(Beginning of Stored data)

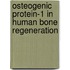 Osteogenic protein-1 in human bone regeneration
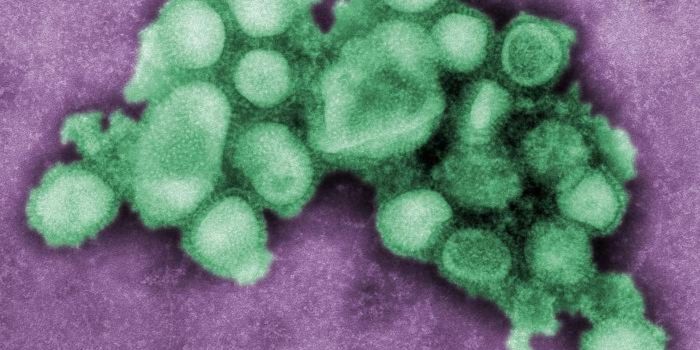 What Happens When Two Viruses Infect the Same Cell?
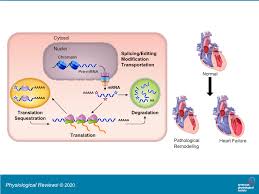We did not find results for: Mrna Metabolism In Cardiac Development And Disease Life After Transcription Physiological Reviews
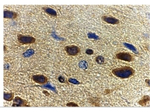 Adiponectin Antibody in Immunohistochemistry (Paraffin) (IHC (P))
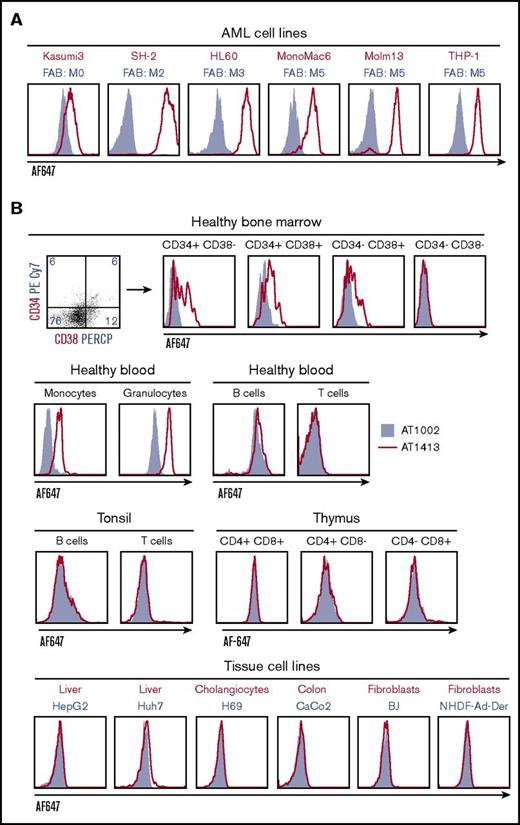 Identification of AML-specific B-cell clones. (A) Subcloning of miniculture 2K23 yielded an AML-specific clone, producing the antibody AT1413 that binds to AML cell lines (French-American-British classification M0-M5). In all experiments, the recombinant antibody was used. (B) AT1413 also bound to a subset of nonmalignant hematopoietic progenitor cells and to peripheral blood-derived nonmalignant monocytes and granulocytes. AT1413 did not bind to blood-, tonsil-, or thymus-derived mature and immature lymphoid cells, nor did it bind to the tissue cell lines HepG2 (liver), Huh7 (liver), H69 (cholangiocytes), Caco2 (colon), or BJ (foreskin fibroblasts), and primary cultured fibroblasts (normal human adult dermal fibroblasts). (C) Immunohistochemistry of AT1413-biotin with streptavidin-HRP as a secondary antibody confirmed binding to mononuclear cells in tonsil and demonstrated binding to endothelial cells in blood vessels and a punctuate staining pattern of macrophage-type cells in the liver. Biotin immunoreactivity of antibody shown with streptavidin-HRP and the peroxidase substrate diaminobenzidine (DAB). Scale bars, 50 μm. (D) Comparison of AT1413 staining to THP-1 cells (black triangles), granulocytes (white circles), and endothelial cells with FACS analysis. HUVEC, white diamonds; HAEC, white squares; BOEC, blood outgrowth endothelial cells, white triangles. The in-house generated influenza-specific antibody AT1002 was used as a negative control in A-C.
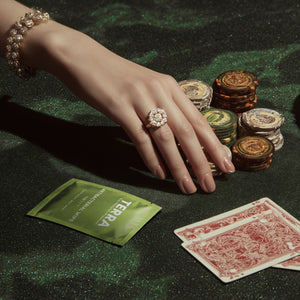 Terra Antibacterial Wipes TERRA NZ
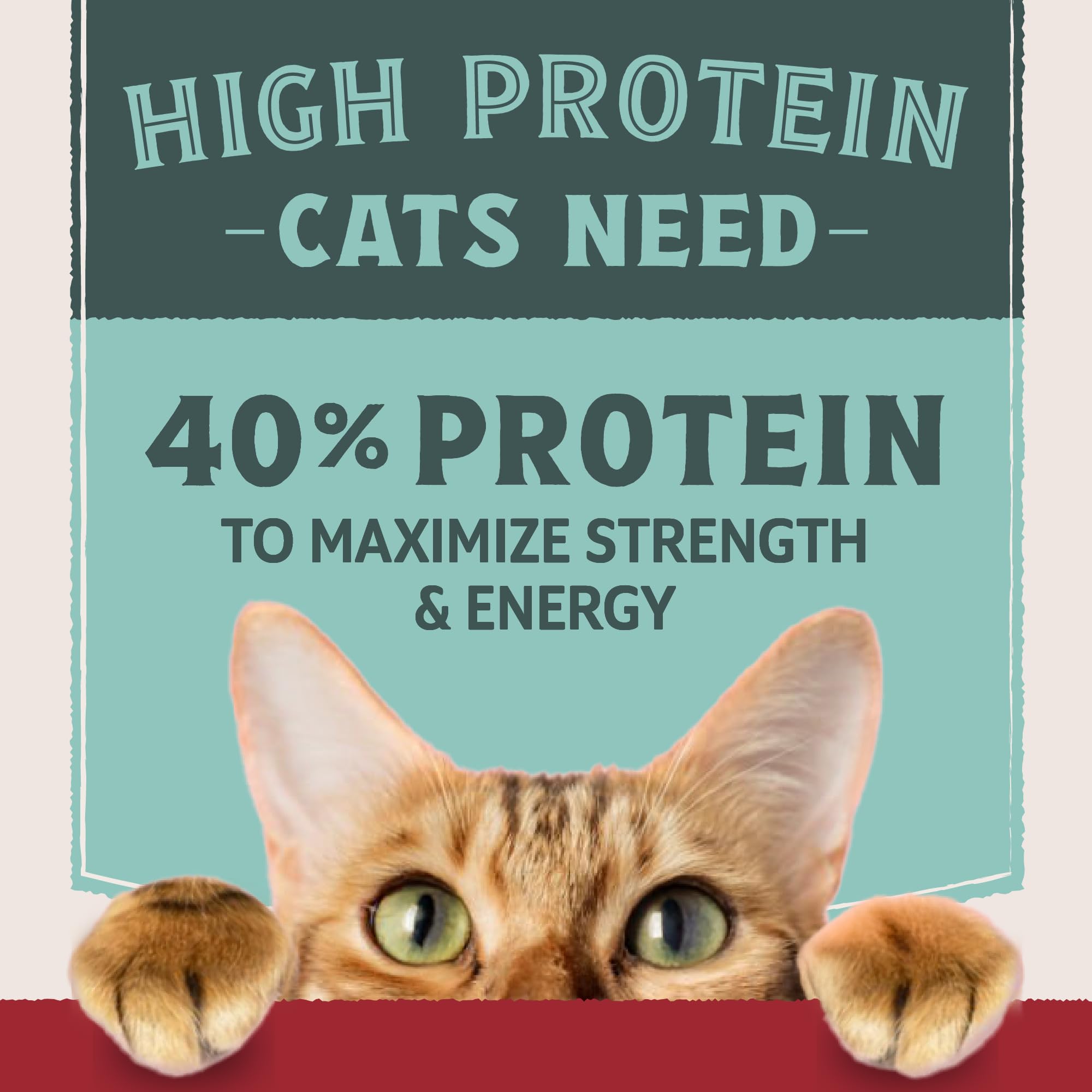 Natural Balance Ultra Protein Dry Cat Food, Real Chicken & Chicken Meal Recipe with Protein-Rich Organs - 6 lbs.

(End of Stored data)

Please transcribe the whole listing above exactly, with the images left out.

-- Answer space --
 Osteogenic protein-1 in human bone regeneration
 What Happens When Two Viruses Infect the Same Cell?
We did not find results for: Mrna Metabolism In Cardiac Development And Disease Life After Transcription Physiological Reviews
 Adiponectin Antibody in Immunohistochemistry (Paraffin) (IHC (P))
 Identification of AML-specific B-cell clones. (A) Subcloning of miniculture 2K23 yielded an AML-specific clone, producing the antibody AT1413 that binds to AML cell lines (French-American-British classification M0-M5). In all experiments, the recombinant antibody was used. (B) AT1413 also bound to a subset of nonmalignant hematopoietic progenitor cells and to peripheral blood-derived nonmalignant monocytes and granulocytes. AT1413 did not bind to blood-, tonsil-, or thymus-derived mature and immature lymphoid cells, nor did it bind to the tissue cell lines HepG2 (liver), Huh7 (liver), H69 (cholangiocytes), Caco2 (colon), or BJ (foreskin fibroblasts), and primary cultured fibroblasts (normal human adult dermal fibroblasts). (C) Immunohistochemistry of AT1413-biotin with streptavidin-HRP as a secondary antibody confirmed binding to mononuclear cells in tonsil and demonstrated binding to endothelial cells in blood vessels and a punctuate staining pattern of macrophage-type cells in the liver. Biotin immunoreactivity of antibody shown with streptavidin-HRP and the peroxidase substrate diaminobenzidine (DAB). Scale bars, 50 μm. (D) Comparison of AT1413 staining to THP-1 cells (black triangles), granulocytes (white circles), and endothelial cells with FACS analysis. HUVEC, white diamonds; HAEC, white squares; BOEC, blood outgrowth endothelial cells, white triangles. The in-house generated influenza-specific antibody AT1002 was used as a negative control in A-C.
 Terra Antibacterial Wipes TERRA NZ
 Natural Balance Ultra Protein Dry Cat Food, Real Chicken & Chicken Meal Recipe with Protein-Rich Organs - 6 lbs.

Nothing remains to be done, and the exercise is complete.